Re: The first five minutes ... a thought experiment (long) from Alex Milowski on 2014-02-20 (xproc-dev@w3.org from February 2014)

From: Alex Milowski <alex@milowski.com>
Date: Thu, 20 Feb 2014 11:10:25 +0000
To: XProc Dev <xproc-dev@w3.org>
Message-ID: <CABp3FN+9G84HpuG8ckCwWPymFo21y41UyeRf94H8nS=0BthNaA@mail.gmail.com>

On Tue, Feb 18, 2014 at 11:46 AM, James Fuller <jim@webcomposite.com> wrote:

>
> Documents flowing through a pipeline is a fundamental concept in xproc
> eg. data flowing through pipe whose connections to steps are defined
> by bindings. This is classic data flow language, though the decision
> in v1 was to only allow XML documents flow through.
>
> In XProc vnext we are considering allowing item()* with non xml
> documents flowing through pipes, which would address your requirement
> (I think)
>

The requirement, as stated is:

"Experience has shown that real-world pipelines often involve non-XML
documents.

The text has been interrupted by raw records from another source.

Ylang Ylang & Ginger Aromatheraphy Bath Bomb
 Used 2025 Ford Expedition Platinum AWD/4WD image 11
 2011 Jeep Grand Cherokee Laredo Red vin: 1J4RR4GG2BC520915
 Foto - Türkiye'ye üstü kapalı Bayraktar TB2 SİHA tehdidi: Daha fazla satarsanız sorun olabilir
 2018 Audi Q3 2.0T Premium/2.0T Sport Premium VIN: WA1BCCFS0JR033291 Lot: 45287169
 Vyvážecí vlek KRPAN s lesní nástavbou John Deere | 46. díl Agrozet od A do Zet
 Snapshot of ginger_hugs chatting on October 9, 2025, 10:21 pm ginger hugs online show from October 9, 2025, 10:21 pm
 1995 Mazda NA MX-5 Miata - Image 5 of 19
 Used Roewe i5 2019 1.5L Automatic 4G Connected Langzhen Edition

Several workarounds have been invented for special cases.
The limitation that V1.0 can only pass XML between steps makes some
pipelines difficult, if not impossible, to write.

Providing the ability to allow non-XML documents to flow between steps
opens up the possibility of writing simple pipelines to work with
images, JSON, Turtle, EPUB, etc."

It isn't saying "item()*" because those things do not currently have
representations in the XDM.  While we could extend the XDM to handle
these items, I think that would be difficult to justify and certainly
a large task to get right.

I'm inclined to just say "they are documents with metadata" and let
implementors do the right thing.  This allows for use cases like
processing large video files with XProc where the binary is a
reference to a stream handle that steps process using streaming.  This
allows the application of language technology to the audio tracks for
automatic captioning or other video annotations.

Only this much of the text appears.